Our key findings were as follows:

  • Improvements had been made in the storage of medicines and procedures for when vaccines were potentially compromised.
  • Liquid nitrogen storage had been reviewed and improvements made.
  • Child immunisations had been reviewed, training provided to staff and a review of children who had not attended undertaken.
  • A change to medicine review processes had been implemented to improve uptake within required timescales.
  • The practice undertook its own survey to identify whether patient feedback was accurately portrayed in the national survey and this found positive feedback on the areas which had been of concern.

In addition to the areas where we told the provider they must make improvements, there were also actions where we suggested the provider should make improvements. In response they undertook the following actions.

  • A review of child immunisations had been undertaken and action to improve uptake.
  • The process for medicine reviews had been changed to increase uptake for timely reviews.
  • The practice undertook their own survey in October 2016 to focus on areas where the national survey had identified less positive feedback from patients when compared to local and national averages. The practice’s own survey of 453 patients showed patient feedback was significantly better in the practices own survey in these specific areas.

Professor Steve Field (CBE FRCP FFPH FRCGP) 

Chief Inspector of General Practice

Inspection carried out on 16 August 2016

During a routine inspection

Letter from the Chief Inspector of General Practice

We carried out an announced comprehensive inspection at Jericho Health Centre - Kearley on 16 August 2016. Overall the practice is rated as good. Improvements are required to ensure the service is providing safe services.

Our key findings across all the areas we inspected were as follows:

  • There was a system in place for reporting and recording significant events. Reviews of complaints, incidents and other learning events were thorough.
  • Risks to patients were mostly assessed and well managed.
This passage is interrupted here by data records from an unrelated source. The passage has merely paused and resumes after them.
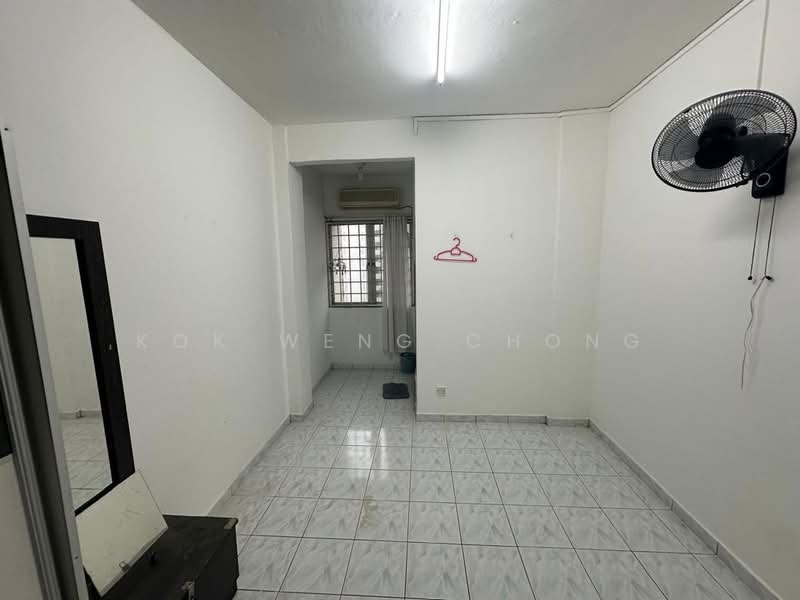 Kondominium untuk Dijual di Miharja Condominium - Kok Weng Chong - Interior - PropertyGuru.com.my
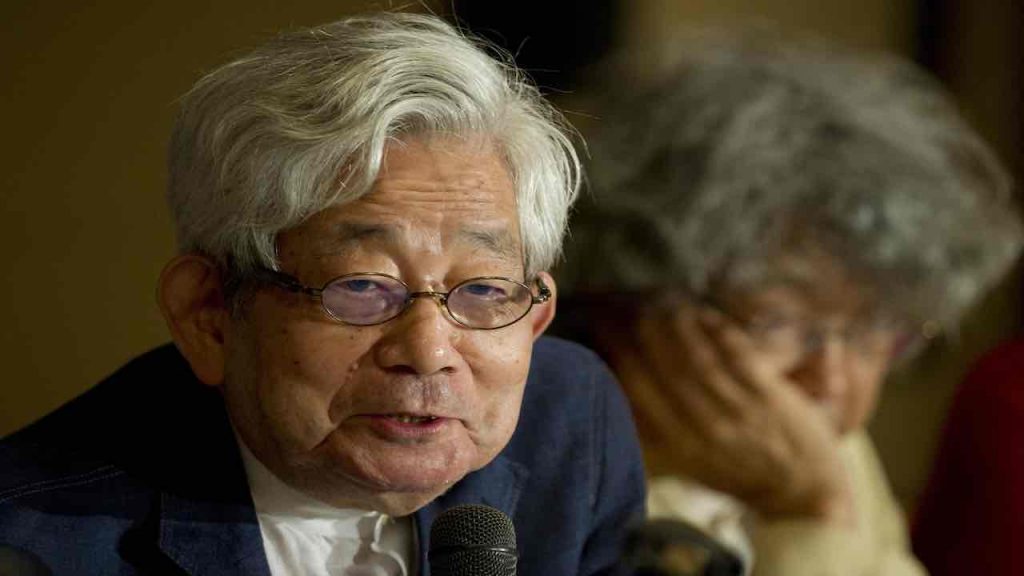 Kenzaburo Oe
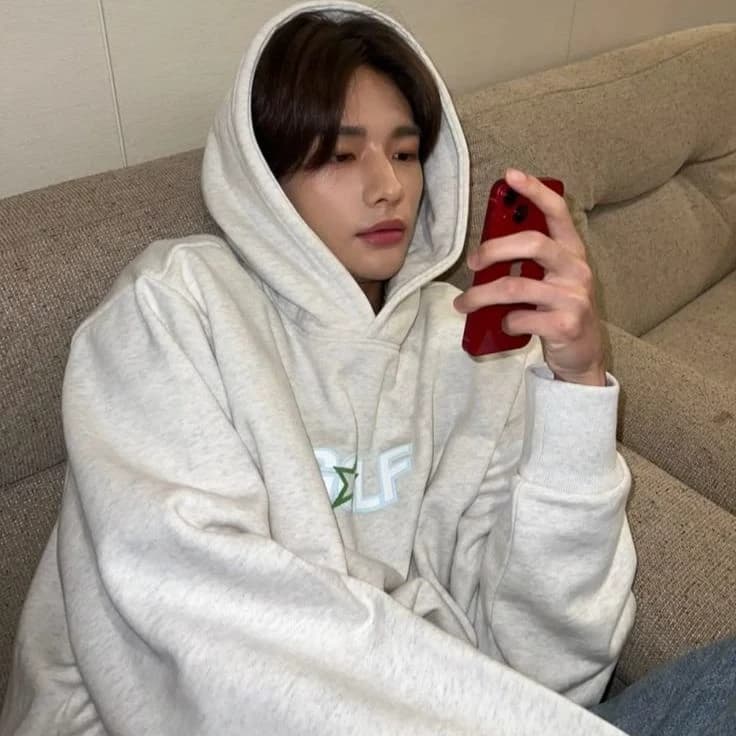 Hyunjin thumbnail
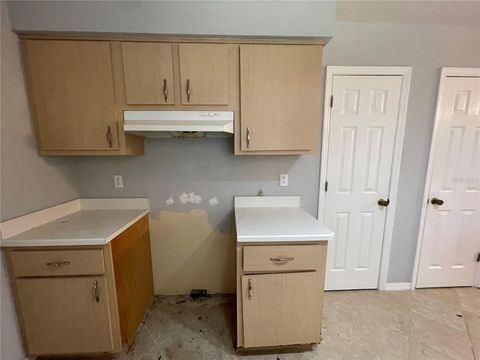 Single Family Residence in KEYSTONE HEIGHTS FL 395 SW GROVE STREET 16.jpg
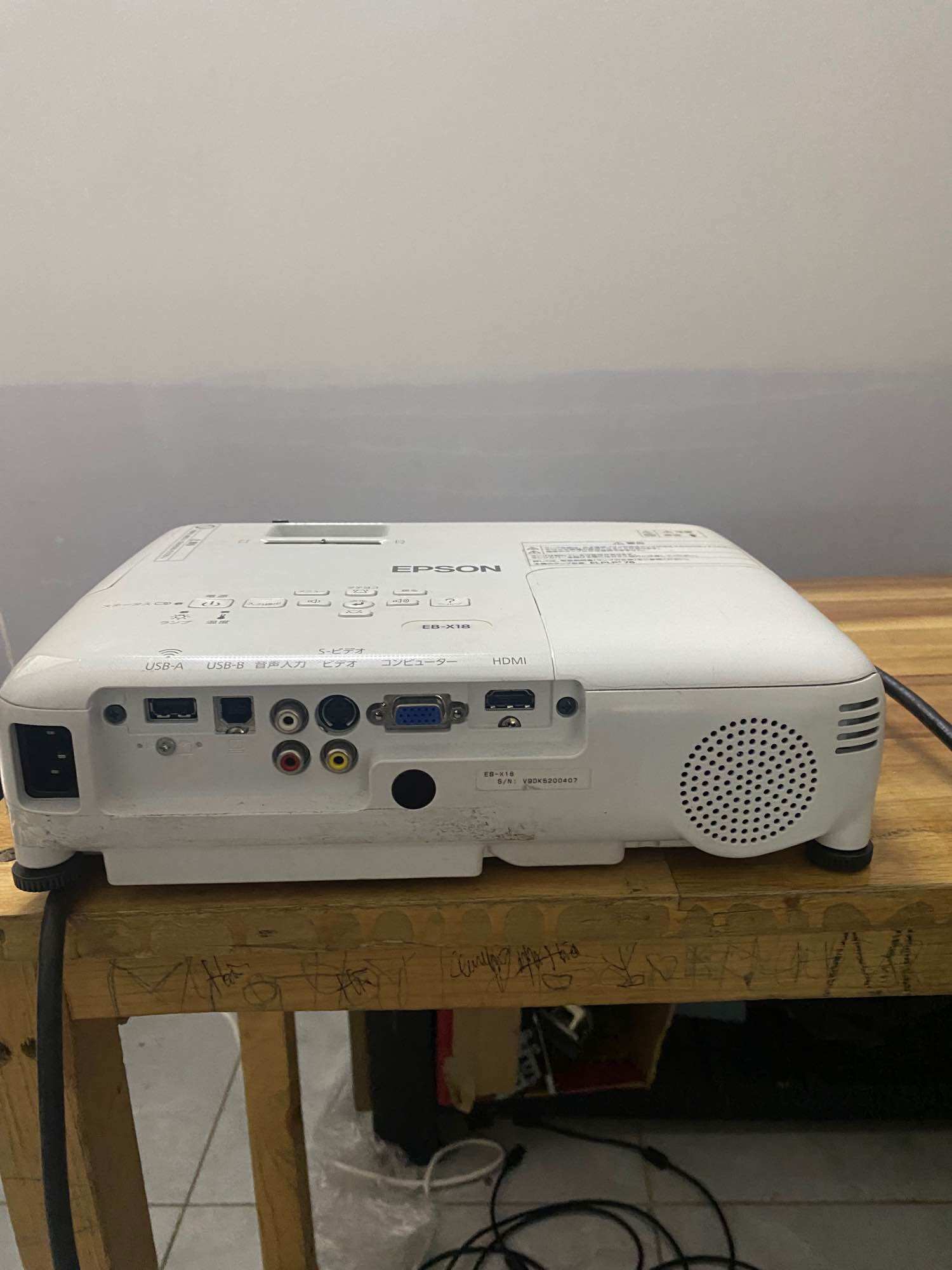 Máy chiếu dạy học,  văn phòng Epson EB-X18 Nhật có cổng hdmi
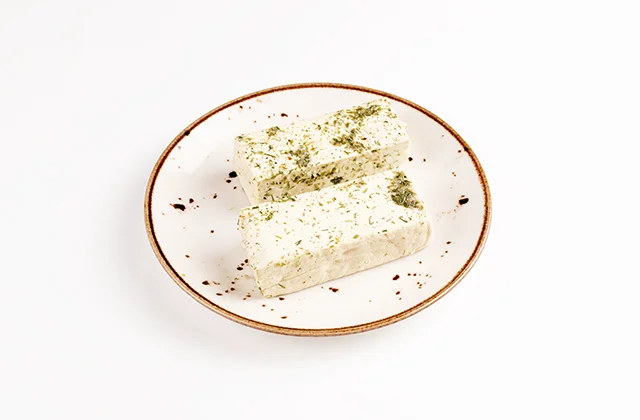 Тофу в маринаде с укропом и чесноком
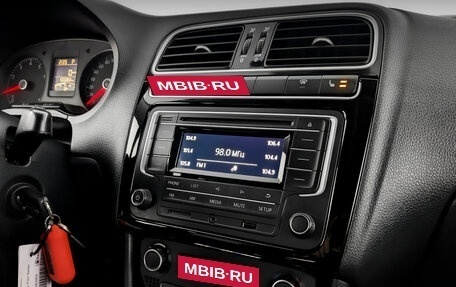 Volkswagen Polo VI (EU Market), 2018 год, 1 375 000 рублей, 25 фотография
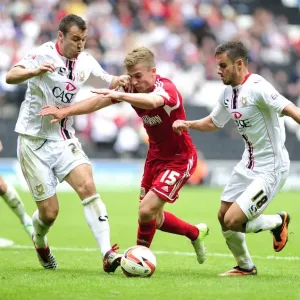 Bristol City's Joe Bryan Breaks Away Print Bristol City's Joe Bryan Breaks Away Print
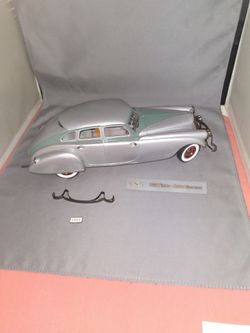 1933 Pierce Arrow Silver Metal Car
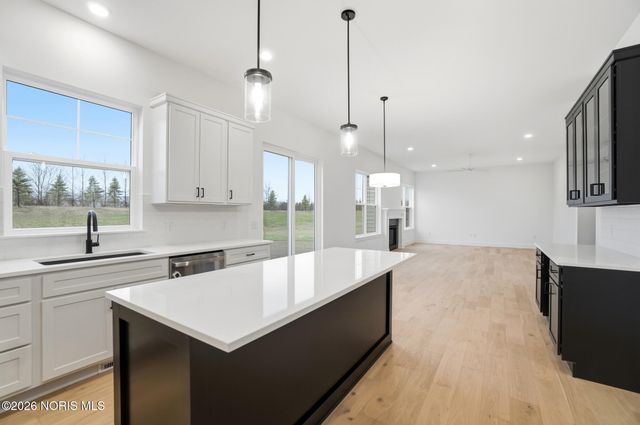 140 Barton Creek Drive, Perrysburg, OH 43551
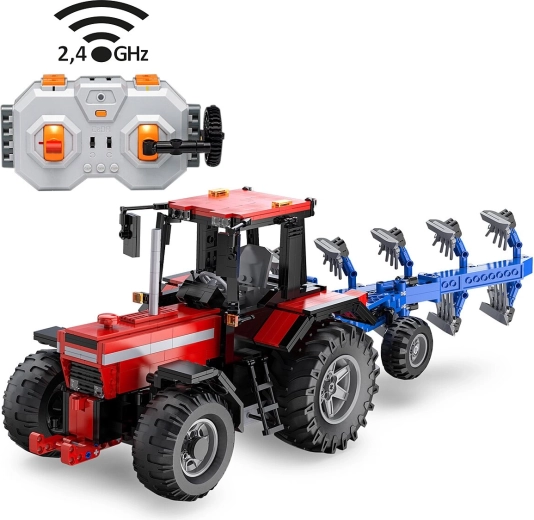 CaDA stavebnice dálkově ovládaný traktor s pluhem 1:17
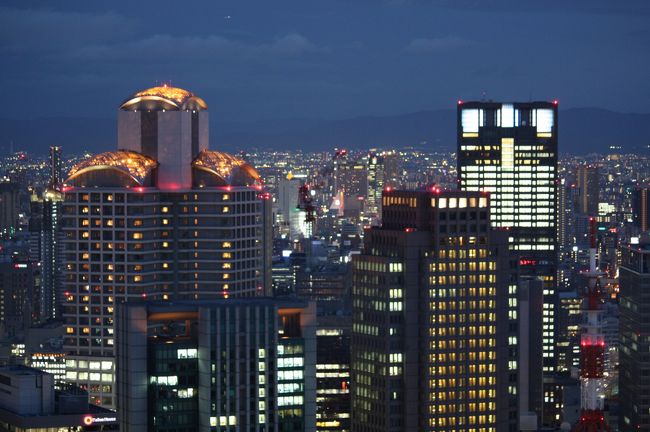 梅田スカイビルの空中庭園からの夜景です。173ｍからの眺めをお楽しみください。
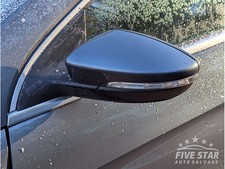 VW Passat CC Front Door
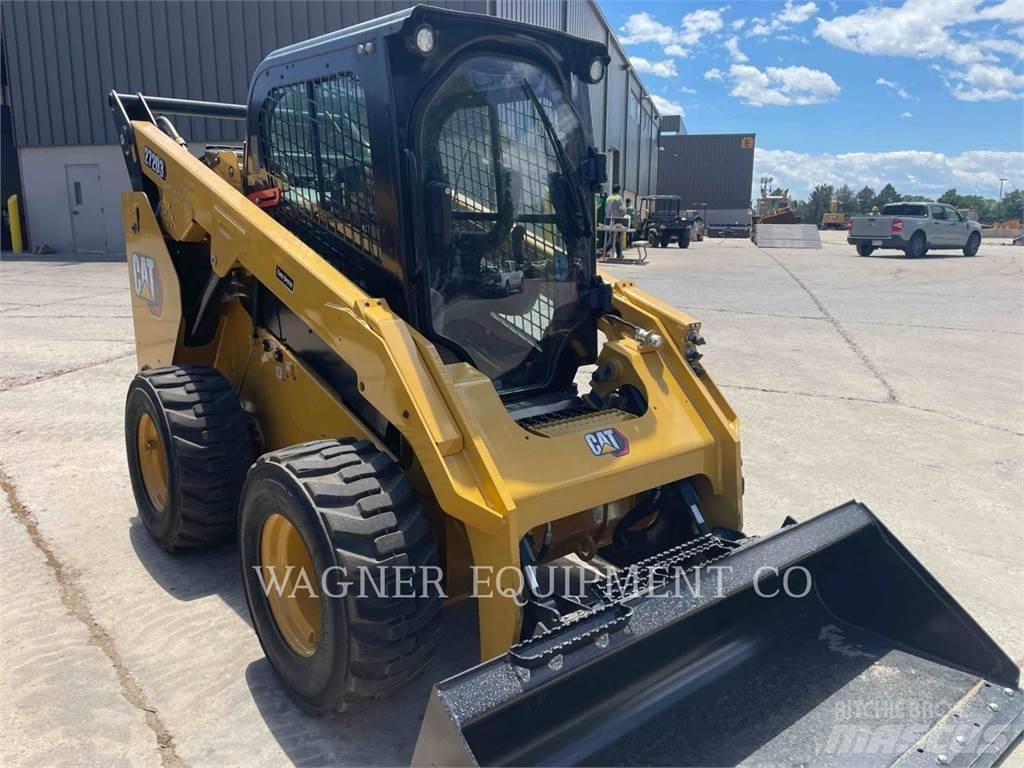 CAT 272D3 滑移装载机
However, some risks were not fully managed specifically in relation to monitoring of fridge temperatures and storage of liquid nitrogen.
  • Staff assessed patients’ ongoing needs and delivered care in line with current evidence based guidance.
  • National data suggested patients received appropriate care for long term conditions.
  • The system for reviewing patients on repeat medicines identified patients who required a review, but the practice was in the process of ensuring higher achievement of up to date medicine reviews was achieved.
  • Staff were trained in order to provide them with the skills, knowledge and experience to deliver effective care and treatment.
  • Patients said they were treated with compassion, dignity and respect and they were involved in their care and decisions about their treatment.
  • Information about services and how to complain was available. Improvements were made to the quality of care as a result of complaints and concerns.
  • Patients said they found it easy to make an appointment with a named GP and there was continuity of care, with urgent and routine appointments available the same day.
  • The practice had good facilities and was well equipped to treat patients and meet their needs.
  • There was a clear leadership structure and staff felt supported by management. The practice proactively sought feedback from staff and patients, which it acted on.
  • The provider was aware of and complied with the requirements of the duty of candour.
  • There was a strong ethos of continuous learning.

Areas the provide must make improvements are:

  • Ensure risks related to cold chain storage of medicines, emergency medicines and liquid nitrogen are managed appropriately.

Areas the provide should make improvements are:

  • Continue to improve the monitoring of patients on repeat prescriptions and ensure that patient reviews of their long term conditions are maximised via minimising exceptions.
  • Review lower than average uptake of specific child vaccines.
  • Consider feedback regarding consultations with GPs where feedback from the national survey is consistently below local averages.